[Sca-cooks] Baileys, was Frittering Laurels

Bill Fisher liamfisher at gmail.com
Wed Dec 22 07:03:14 PST 2004


On Wed, 22 Dec 2004 09:17:37 -0500, Phil Troy / G. Tacitus Adamantius
<adamantius.magister at verizon.net> wrote:
> Also sprach Sue Clemenger:
> >Or a sort of hot egg nog, without all the cream....
> >--maire
> 
> A couple of webbed references are referring to advocaat as "Dutch
> Eggnog", and one or two recipes I saw did call for additional dairy
> product (evaporated milk, etc.), so the line if distinction may be
> blurry or intentionally blurred in some cases. Ya know, where
> somebody looks at the recipe and decides this thing is supposed to
> resemble egg nog and so therefore tweaks it in that direction? But
> the recipe Huette posted (which I also found online) seems to most
> resemble a slightly thinner, boozier version of zabaglione.

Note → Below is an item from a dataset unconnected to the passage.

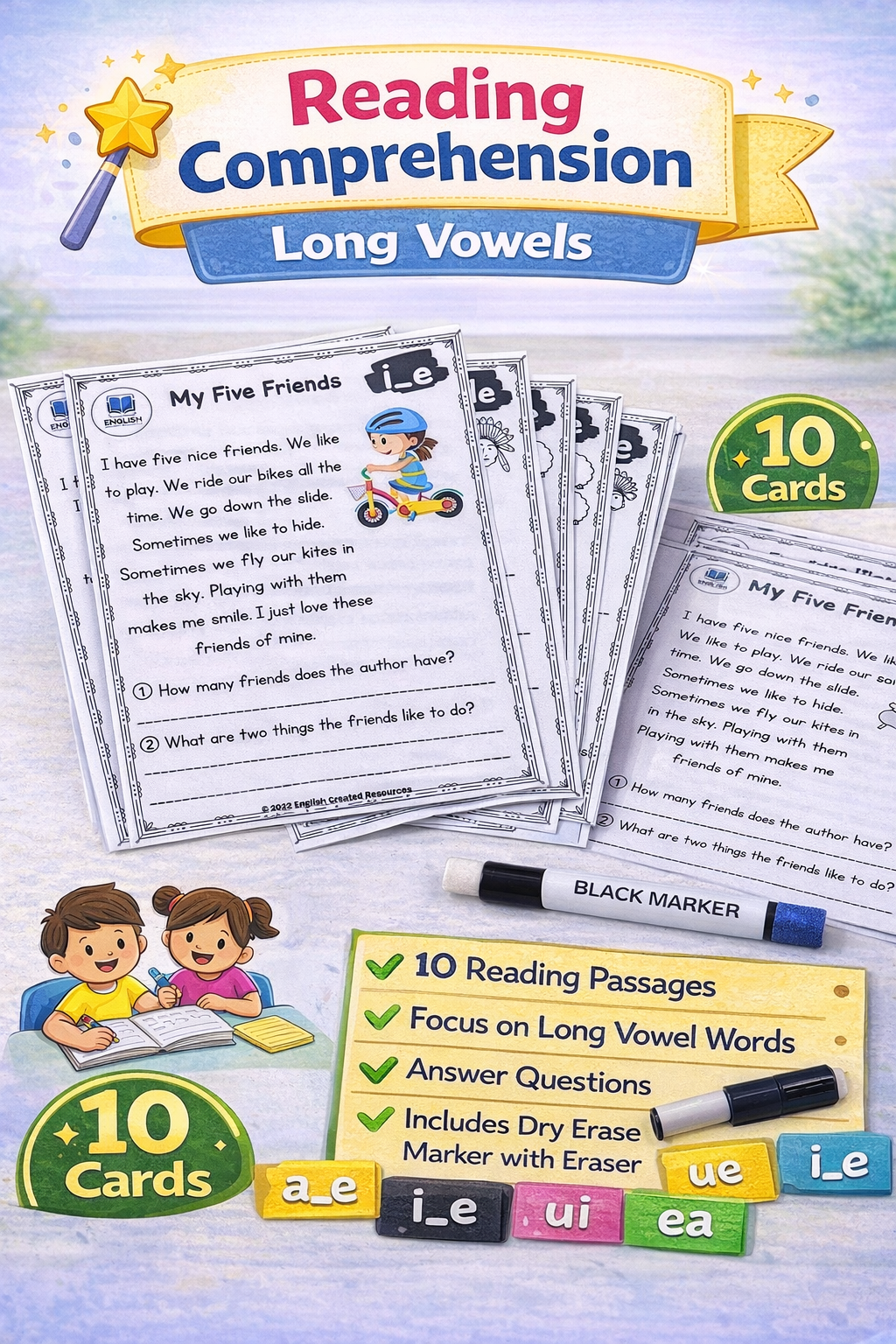 Long vowels package
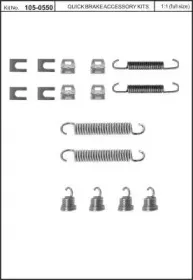 Комплектующие, тормозная колодка KAWE купить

This is probably one of those "continental drift" recipes that every
region has a version of, using native ingredients,

> In response to my own question, is seems the commercial product comes
> in two main varieties, the "thick" version, which is, I suspect, the
> stuff Huette posted the recipe for, and an "export" version, which is
> thinner and more conducive to making mixed drinks of various sorts.

This seems more like a thin custard, I don't think they are cooking it 
like the zabaglione to increase the thickness, just tempering it and 
bringing it to temp and then letting it cool.  Otherwise it would drive
off the boozy parts.   Doesn't say it gets foamy in her directions.

This reminds me of the custard sauce I grew up with from the coal
regions of PA, but with booze.  Yum.

> Thinking of this in sheer terms of the thickening power of egg yolks
> (and this is why I asked if you could pour the stuff), a standard
> formula for a poured custard like creme anglaise is twelve yolks to a
> quart of liquid. Huette's posted recipe involves ten yolks (no
> indication of size, though, and when you get up in the tens range,
> this could make a difference) to about 14 ounces of brandy. I'm not
> sure, offhand, how one quantifies "thickness" -- maybe when I'm more
> awake -- but I'd assume this to be significantly thicker than creme
> anglaise. Almost like a thick pancake batter in texture.
> 
> Adamantius

I think it is the cooking phase too, heating it but not letting the
yolks lift it
should make it thinner as it develops.